The quote is as follows:
"An artist chooses his subjects: that is the way he praises,"
At first it struck me just as an appealing (and true) phrase. I mean…who would bother creating a piece of art for someone if they didn’t care about them or the subject manner?
Then I started to delve deeper into it.
I began thinking about all the previous artworks I had done. I began to think about all the subjects I included in them from my life.
This quote never began to ring so true. When you are included in on someone’s artistic works – may it be a drawing, painting, sculpture, poem, song or even a mix tape – it is because you inspired that person. Your influence in their life was so great that they found an artistic outlet to commemorate you.
I have never done a piece on someone that did not illicit some sort of strong emotion to me. Let’s face it – why would anyone create works they were not passionate about? Money can sometimes be a great motivator for someone to create custom art (don’t get me wrong) – but it is the soulful art that comes from deep within.
Looking back in my memory banks (and dusting off a few old files) I recalled one of the first things I did for my (now) husband back when we were friends – I wrote him a sonnet. Although the poem itself is unfortunately lost to time, I can still recall the subject – of building a mansion up in Heaven and how each room was not build with brick and mortar but with love and dreams. How each room was a memory added on over time. That was nearly 11 years ago.
When I received my very first digital pen – my very first subject was my youngest daughter. I sketched out a replication of a photo of her on her birthday and recolored it.
As a Christmas gift for my family I am designing a “Family Calendar” that has seasonal themes incorporated with pictures of each individual for their birthday month and accomplishes they have made in life.
One of the first drawings I ever did in school was one of my mother (which amazingly she still has) of her and I in front of our house (you know – triangle dresses and all!).
I also love fantasy creatures and often include them in my works. There is something about letting your imagination run in wild abandon that makes art more like fun and less like work. Again, to create that in which you love is a very pure form of praise.

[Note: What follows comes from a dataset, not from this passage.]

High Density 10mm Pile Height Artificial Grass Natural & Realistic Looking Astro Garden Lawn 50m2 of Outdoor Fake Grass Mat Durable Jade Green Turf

May artists paint nature because of all the beautiful things the natural world brings to us - the joy and astonished wonderment that captivates our thoughts and expresses itself out through our pens and brushes (and mouse clicks).
Not a deeply informative post I know, more of a public service announcement. I remember when I was young when I sometimes didn’t have the ability to “purchase” a gift for a friend or family member I would “make” them something. I think a lot of folks may think that is cheaping out – a good way to get out of getting a worthy present or something of that nature. You’d get the raised eyebrow and a head nod with “that’s nice” but not a thank-you or a hug for hours of work you put into something. A piece of art is an extension of the soul – not something you can purchase in a department store window. It is not something anyone else has or ever will have – it is a unique and priceless gift unto itself. (I don’t know if macaroni pictures count for this…)
If anyone ever creates art of you or about – it is one of the deepest compliments one can give, be sure to thank them, as more than likely it came directly from the heart!